Sull’affaire Vannacci: non c’è libertà senza responsabilità
Quando l’ormai celebre generale Vannacci ha messo su carta le proprie opinioni, rendendole pubbliche ed esponendole al dibattito e al mercato delle idee, ha esercitato la propria libertà di manifestazione del pensiero: questo è poco ma sicuro.
L’art. 21 della Costituzione italiana è chiaro nel riconoscere a tutti e tutte il diritto di esprimere liberamente il proprio pensiero con la parola, lo scritto e ogni altro mezzo di diffusione. Si tratta di una prerogativa piena - la cui formula ampia riflette l’esigenza di restituire ai singoli libertà compresse in epoca pre-repubblicana - ma non illimitata.
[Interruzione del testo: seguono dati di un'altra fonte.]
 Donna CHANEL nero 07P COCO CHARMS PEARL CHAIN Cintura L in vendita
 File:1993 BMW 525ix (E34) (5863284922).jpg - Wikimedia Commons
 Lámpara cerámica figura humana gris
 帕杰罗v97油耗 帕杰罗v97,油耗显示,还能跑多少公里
In una democrazia, infatti, nessun diritto è tiranno e ogni libertà è soggetta a vincoli derivanti dal rispetto delle altre persone e delle leggi dello Stato. Soprattutto, non c’è libertà senza responsabilità e per questo restrizioni della libertà individuale si possono applicare in ragione dello status o della professione, come previsto dall’art. 98 della nostra Carta fondamentale che ammette limitazioni, stabilite con legge, alla iscrizione ai partiti politici per magistrati, militari e diplomatici. È questo l’aspetto che rileva nella vicenda che ha attirato l’attenzione dei media, scatenato polemiche politiche e suscitato reazioni istituzionali: oltre e più che il merito delle opinioni contenute nel volume diventato best seller grazie al clamore suscitato conta l’identità e il ruolo dell’autore. Il punto della disputa è legato ai limiti possibili o eventuali cui la libertà di espressione può essere soggetta in relazione al ruolo, alla posizione istituzionale e alla capacità di influenza di chi la esercita.
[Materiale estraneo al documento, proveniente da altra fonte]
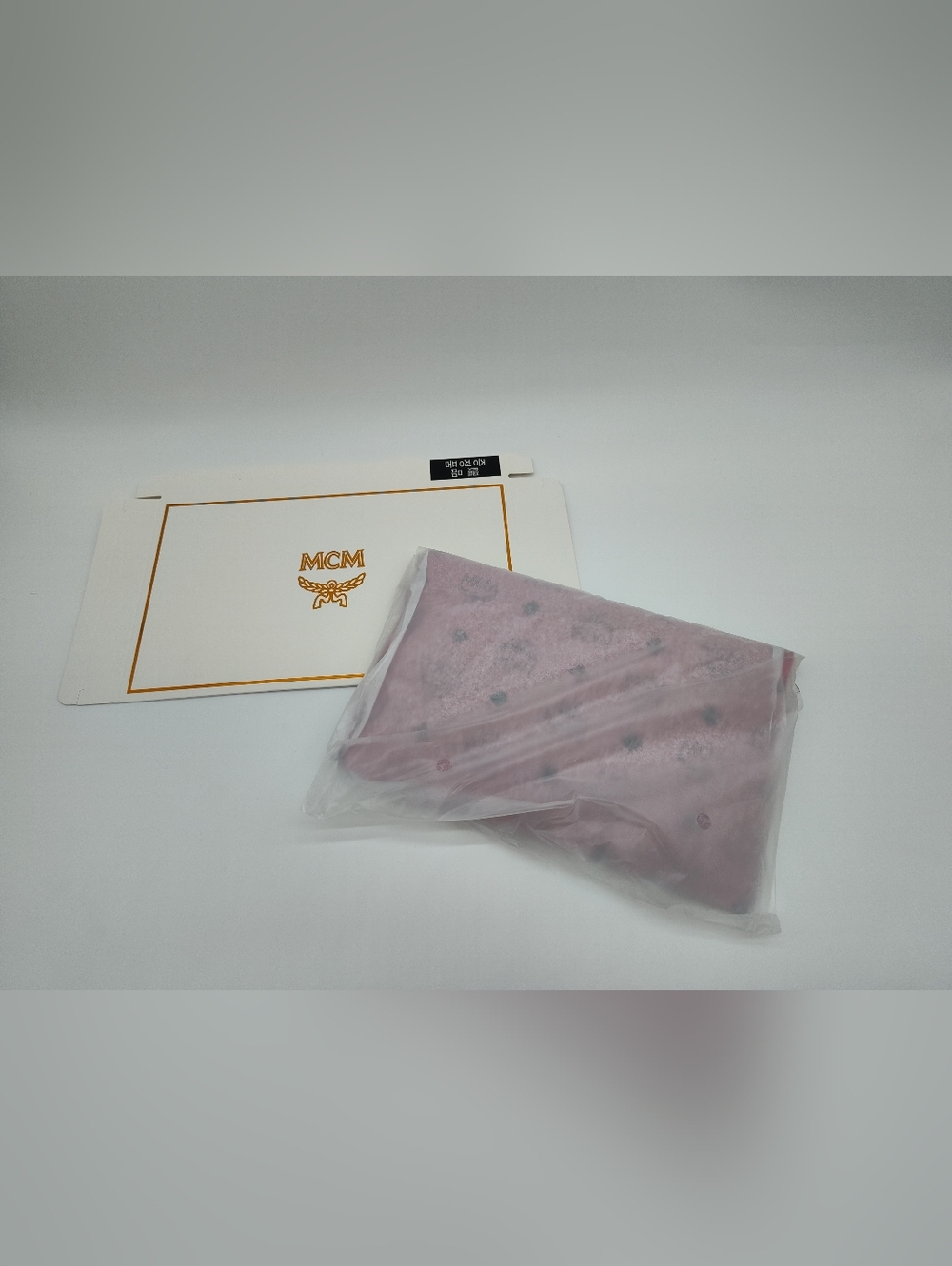 MCM Pink Visetos Envelope Chain Wallet Crossbody Clutch Beauté NIP With Insert - Picture 6 of 6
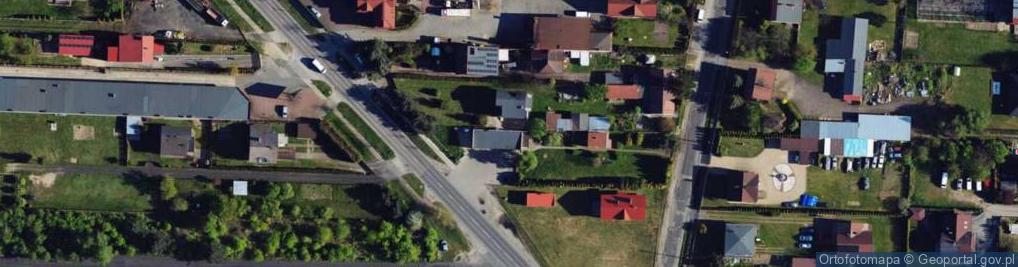 Zdjęcie satelitarne Paczkomat InPost CZE23M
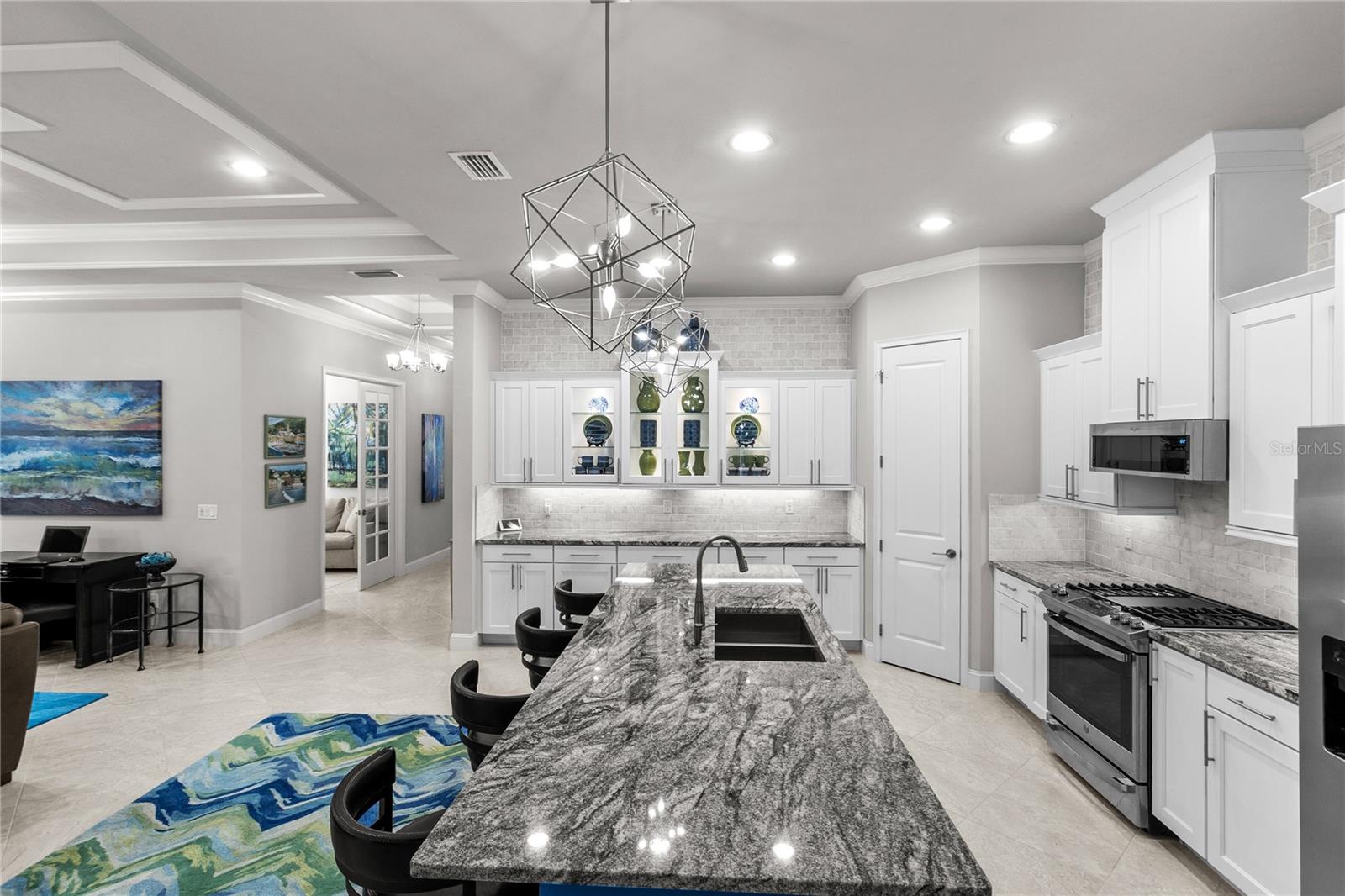 OAKMONT - Residential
Nel caso specifico, il cittadino Roberto Vannacci può esprimere la propria opinione in merito a omosessualità, femminismo, ruolo delle donne nella società, assunti requisiti di italianità e finanche rivendicare il diritto di odiare ma il generale al comando dell’Istituto geografico militare deve tenere conto della posizione che occupa. In una democrazia, infatti, libertà fa rima con responsabilità e i due termini sono connessi inscindibilmente: se ciascuno gode della libertà di esprimersi non tutte le parole hanno lo stesso peso specifico. C’è un confine tra legittima manifestazione del proprio pensiero e diffusione di messaggi pericolosi, suscettibili di istigare all’odio, a maggior ragione se espressi da chi gode di un ruolo pubblicamente riconosciuto.
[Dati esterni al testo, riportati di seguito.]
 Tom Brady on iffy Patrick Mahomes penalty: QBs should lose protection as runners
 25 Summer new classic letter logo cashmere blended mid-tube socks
Dalla prospettiva dell’osservatore costituzionale la questione si declina su quattro direttive corrispondenti ad altrettante parole chiave dell’impianto di una democrazia: libertà, legittimità, opportunità e responsabilità. Il generale Vannacci, in quanto titolare dei diritti civili riconosciuti dall’ordinamento democratico ha la libertà di esprimere le proprie opinioni e ha legittimamente deciso di pubblicare un volume assumendosi la responsabilità di quanto sostenuto. Niente da rilevare se “Il mondo al contrario” fosse stato un libro di giardinaggio o numismatica ma il contenuto del volume affronta temi cruciali e sensibili, su cui non si può lasciare spazio a fraintendimenti. Per questo, quanto sostenuto non può essere valutato prescindendo dalla considerazione della carriera e del ruolo pubblico di chi ha voluto diffondere il suo pensiero. C’è dunque una questione di opportunità ma, soprattutto, rileva il profilo della responsabilità che investe il militare titolare di funzioni istituzionali anche quando veste i panni di scrittore.